Take last night (aka the reason for this post). Chuck's old-time buddy Eric stopped in on his way to New Jersey and decided to spend the night. He hadn't showered in a few days but despite my insistence he enjoy a shower before bed—

"No, really..."

"No, it's okay..."

"No, really..."

—he told me he was a morning shower person.

(I apologized to my clean sheets as I made up the couch. You think I'm kidding.)

Around 2 a.m. the house started to shake. Junior was suddenly in our bedroom complaining of a bear downstairs. Even Chuck, who sleeps through everything—how convenient—was suddenly awake.

Fricken Eric. Fricken snoring. Thunderous, meaty, throaty snoring.

"We need more fans!" I cried. Despite Chuck's fan phobia because of my family's fan obsession, he agreed.

"But where?" he asked.

"In the basement! Box fans! A tub of fans! Grab them all!"

He looked at me like someone might look at a recovered crackhead who has just disclosed her secret stash, but he went and fetched the tub.



And the box fans.



And you know what? Even with all that glorious whirring, that bastard's snoring still kept me up all night. I'm cranky, my living room stinks, Diddly was up at 5 am and has been a drooling mess all day...

And I'm still—still!—bitter about Stiffy.

Saturday, July 2, 2011

Shit, is it July 4th already?

One of the most appealing aspects of blogging is being able to chronicle my children's milestones. I'm sure that if this blog is still kicking around in 20 years or so, Junior and Diddlydoo will read it with glee and agree.

Or they'll sue me for privacy infringement. Either or.

Yesterday Junior celebrated a milestone I had smugly believed wouldn't arrive until he entered the public school system and was corrupted by other people's monsters: He learned a swear word.

I blame it on Diddlydoo.

I had placed Diddlydoo in the center of the bed and run out of the room for a millisecond when I heard Junior screaming, "He fell on his head! He fell, Mommy!"

I ran back into the room. Sure enough, Diddlydoo had rolled right off the bed. He was lying on the floor screaming.

So was I.

I didn't realize just what I had been screaming until we got to the hospital (okay, okay, so I freaked out and rushed him to the ER. Having a nurse look at me like I was a neurotic freak because Diddlydoo obviously was fine was preferable to spending the entire night holding my palm over Diddlydoo's nostrils to make sure he was still breathing. A woman needs to sleep now and then).

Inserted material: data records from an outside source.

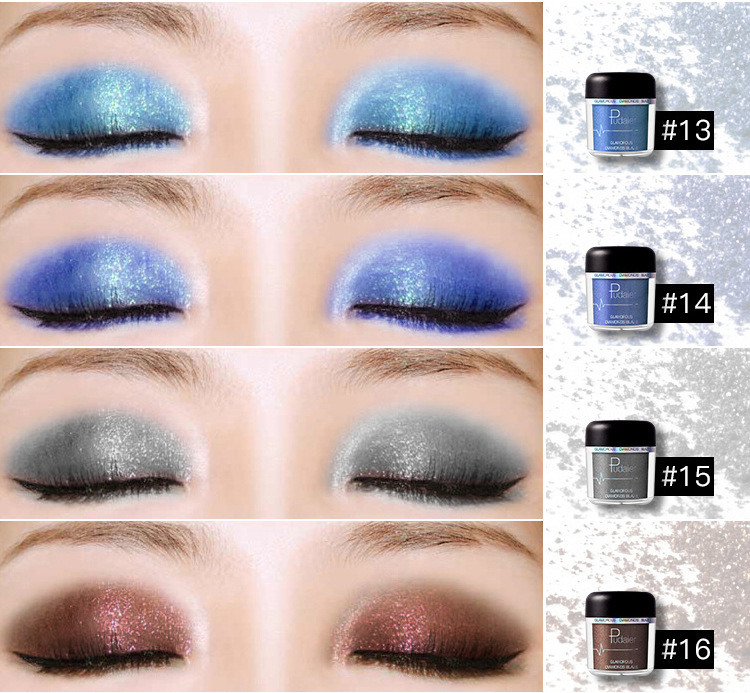 Eye Shadow And High Light Powder 9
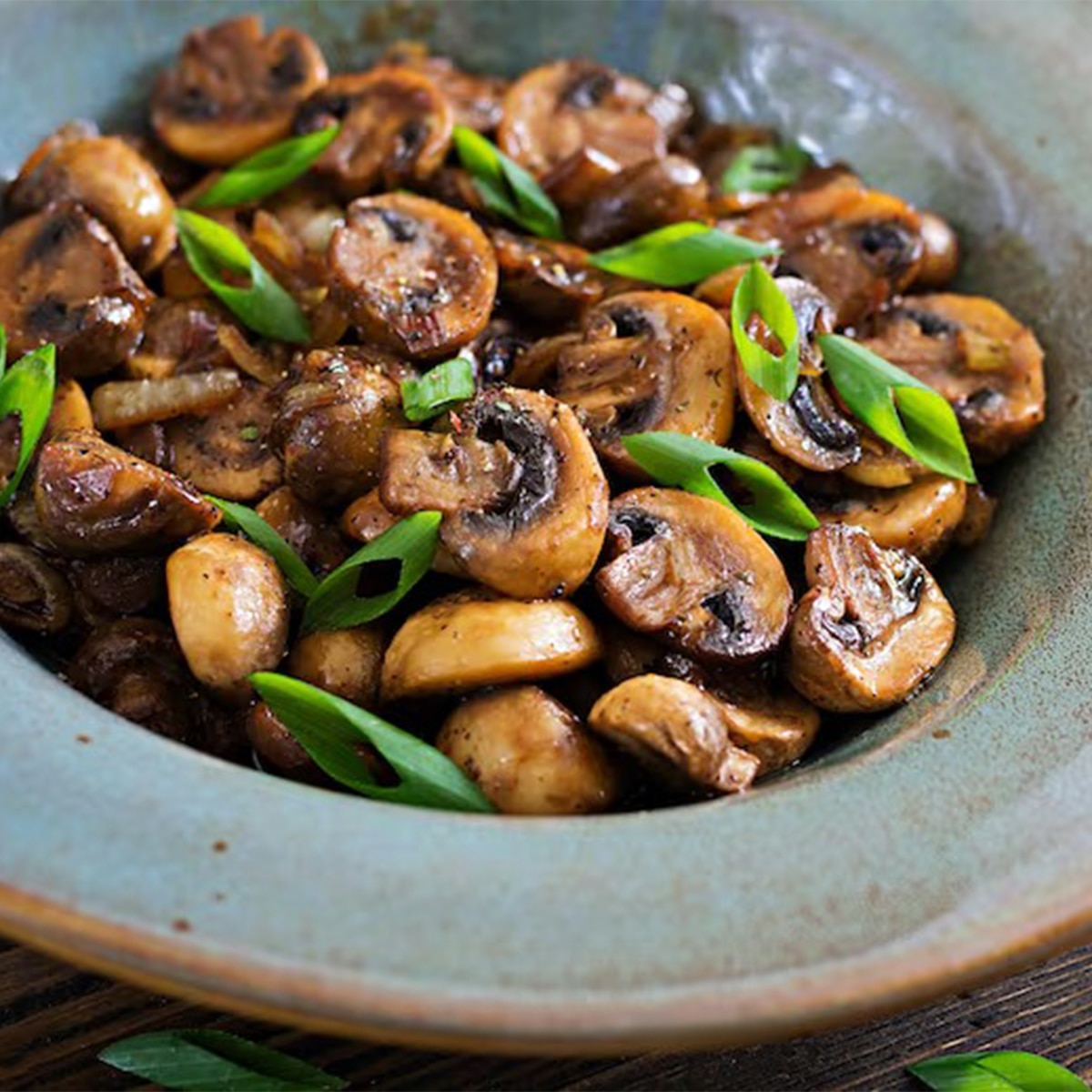 পালং মাশরুম পালং মাশরুম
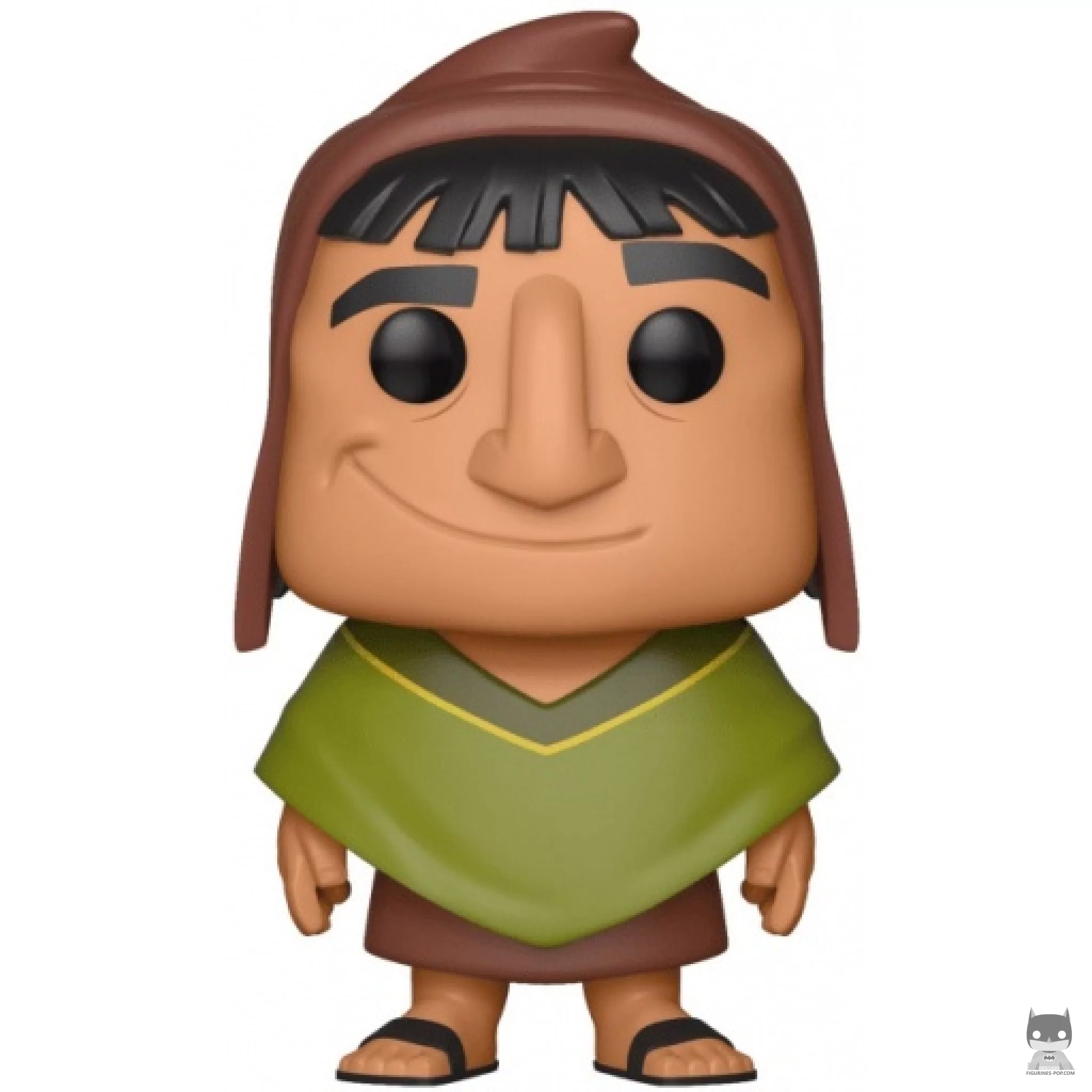 Figura Funko Pop! Pacha (El emperador y sus locuras)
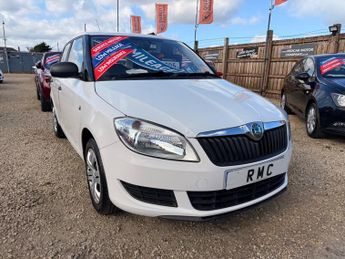 Skoda Fabia S 12v 1.2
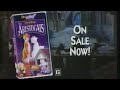 The Aristocats Vhs Commercial 1996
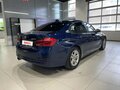 2015 BMW 3 серии 320i VI (F3x) Рестайлинг, синий, 2149000 рублей - вид 4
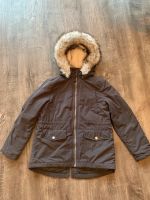 Herbst/Winterjacke Mädchen H&M Gr 140 Brandenburg - Dallgow Vorschau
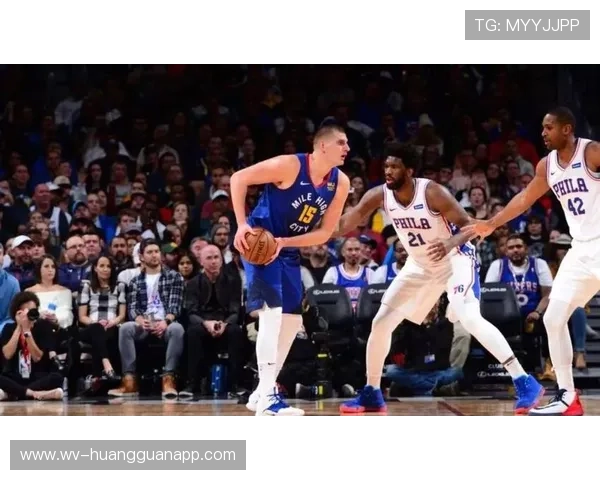 约基奇挡拆分球提升效率，助攻占比超恩比德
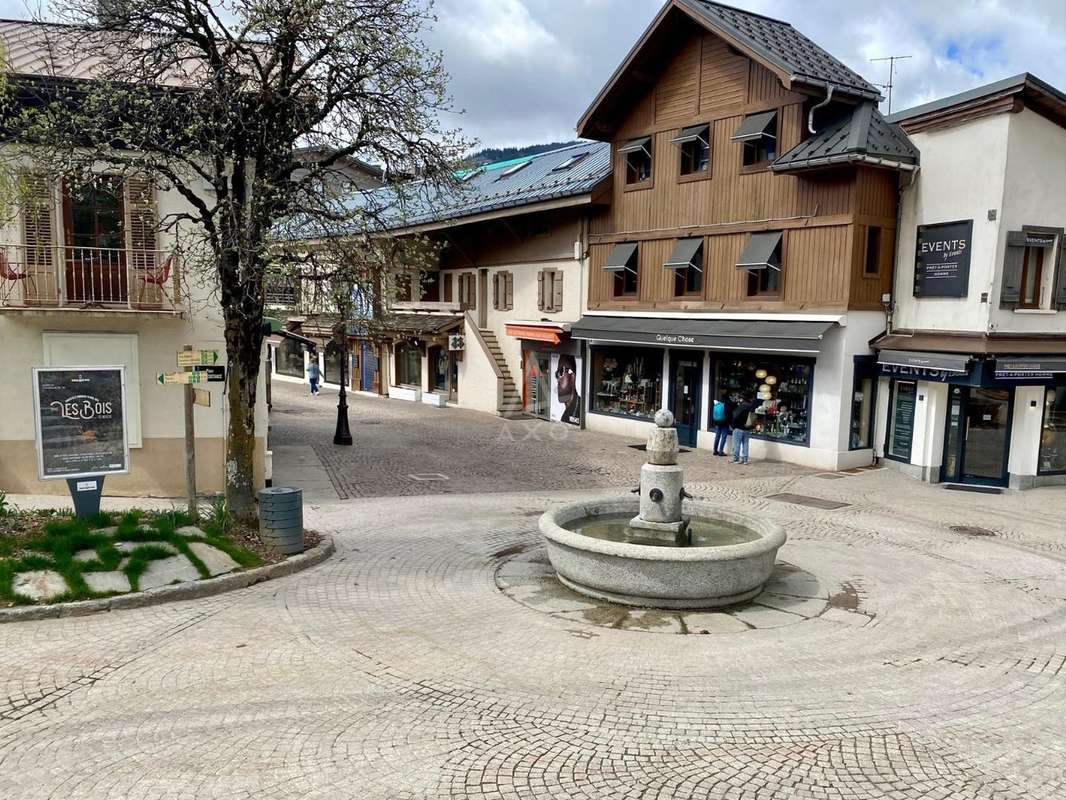 Appartement à MEGEVE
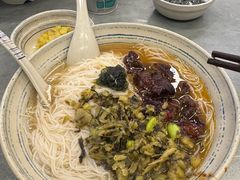 -梅溪·小伙子干挑面(安吉总店)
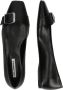 Karl Lagerfeld Pumps & high heels Konnie Roller Buckle Pump in zwart - Thumbnail 3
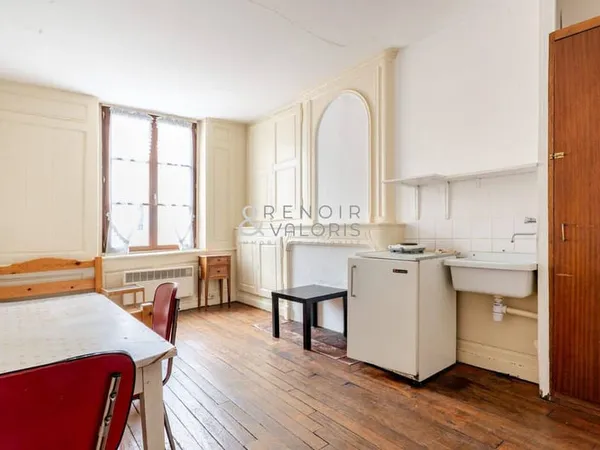 Immeuble de rapport 173 m²
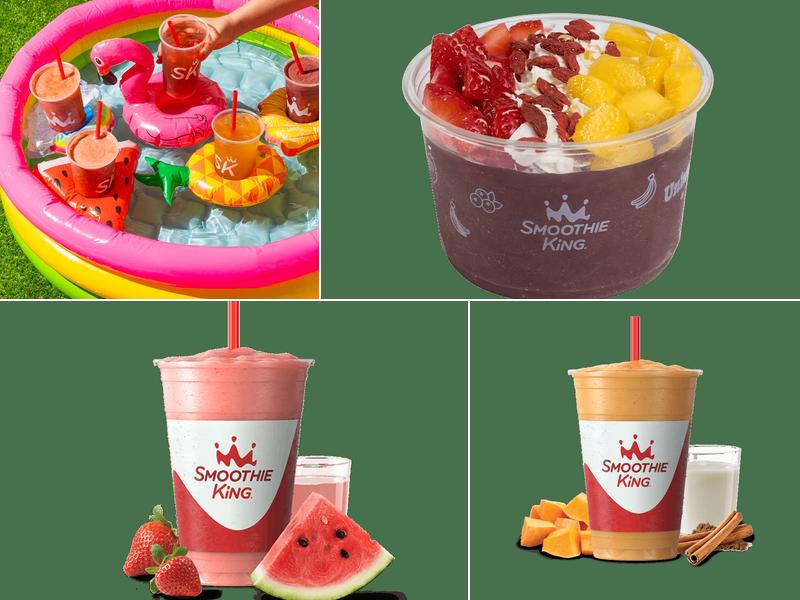 Smoothie King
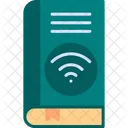 Wifi Book  Icon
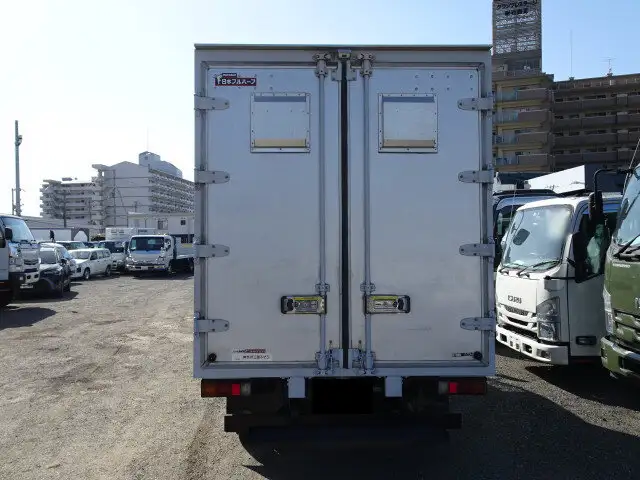 三菱 キャンター 小型 アルミバン PDG-FB70B H19の中古トラック画像3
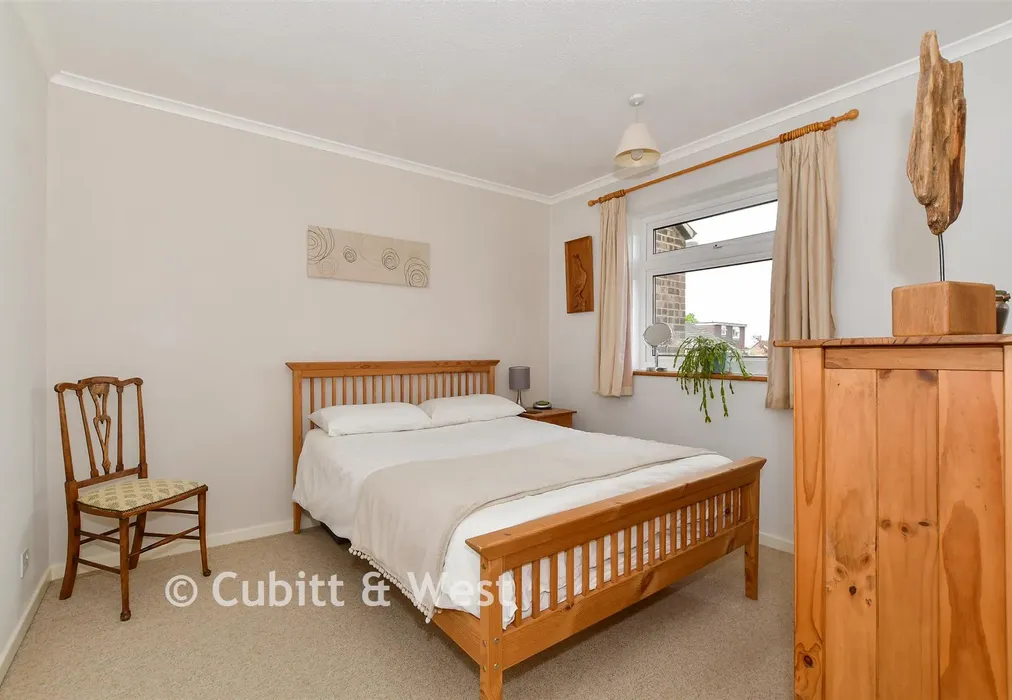 Bedroom 2 - Corsletts Avenue, Broadbridge Heath, Horsham, West Sussex - Wards of Kent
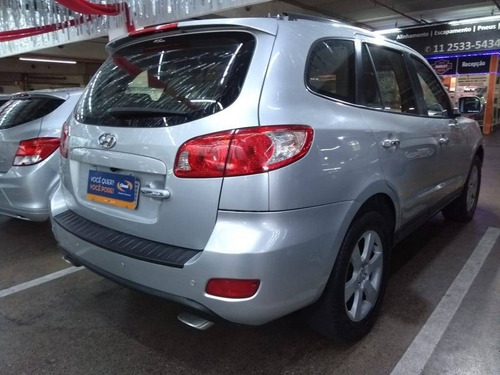 Hyundai Santa Fé 2.7 Mpfi Gls V6 24v 200cv Gasolina 4p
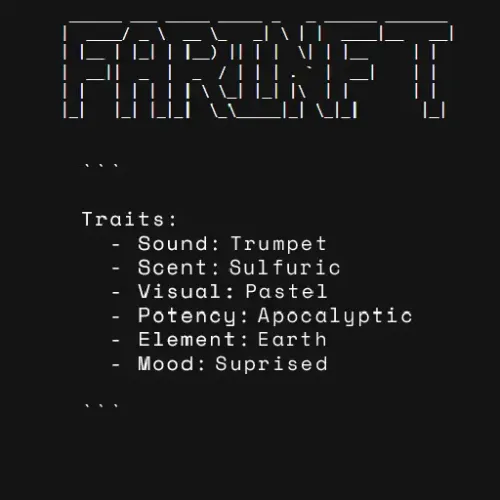 FartNFT #880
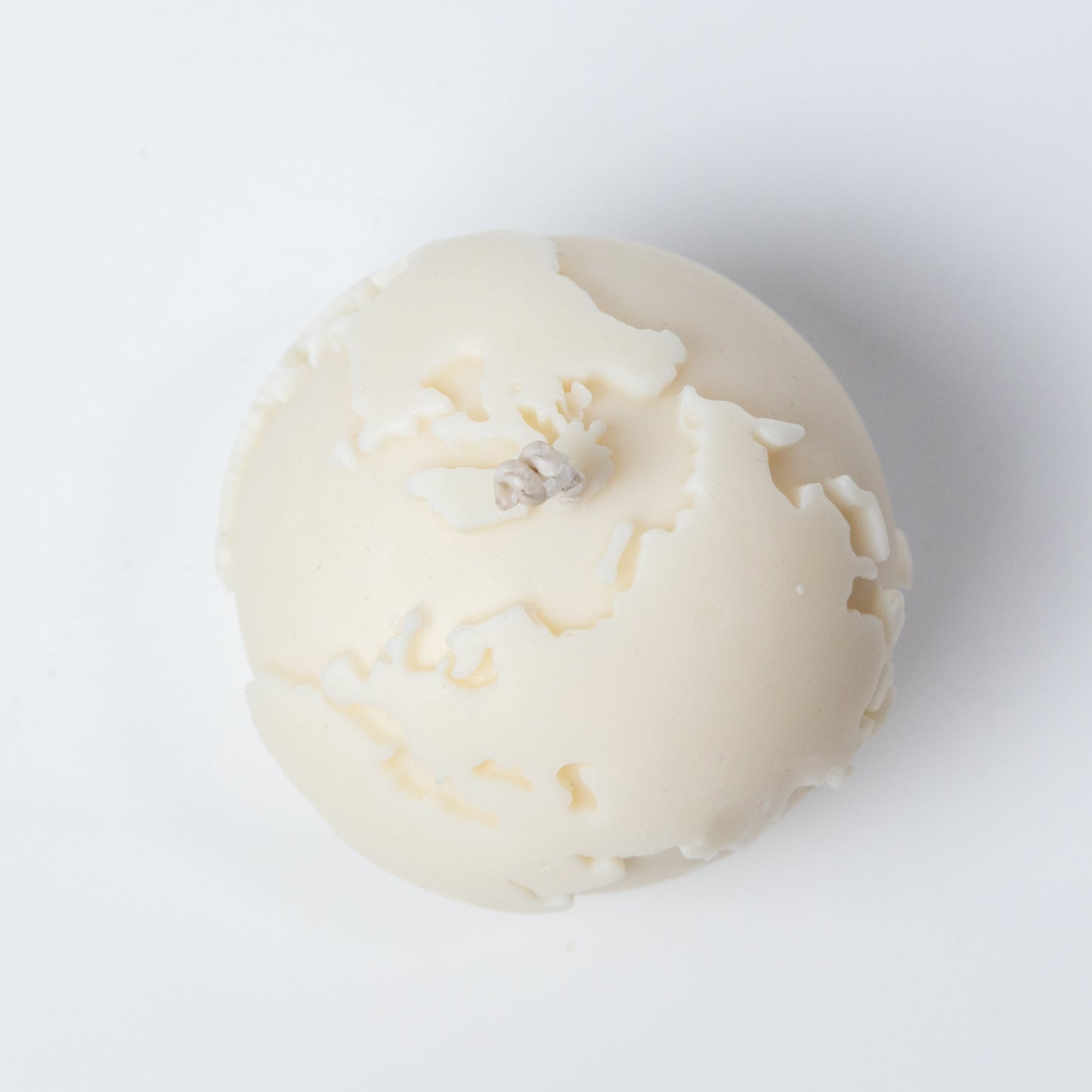 Handmade "Planet Earth" Soy Wax Candle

As we stood in the ER entrance Junior looked at me sweetly and said, "It's a bad thing Diddlydoo fell, right Mommy?"

"Yes, sweetie."

"Is that why you said 'shit'?"

We locked eyes.

"Shit," he said again, savoring the taste of the word. He looked at me and smiled, like we'd just shared a lovely secret. "Shit."

"Junior," I said, "that's a word that—"

"Shit."

"Junior, we don't—"

"Shit, shit, shit."

So here's the thing: Junior is old enough to know that there's a new word in town, and that it feels good to say it. I've explained that the curse is an adult word reserved for adults, but it doesn't take a rocket scientist (or four-year-old) to know that even with the most finely attuned emphasis, fiddlesticks and sugar just don't cut it when you're really upset—even if you sneer and spit as you say those words.

I ask you, what's the best way to temper the newfound deliciousness of swearing?

And while we're at it, what's the best way to deter your older kid from enjoying watching his younger sibling suffer, cause Junior told me that he was certain Diddlydoo's head would just fall off the bed, and that's why he didn't try to stop him from rolling.

My, oh my, they are savvy little beasts, aren't they?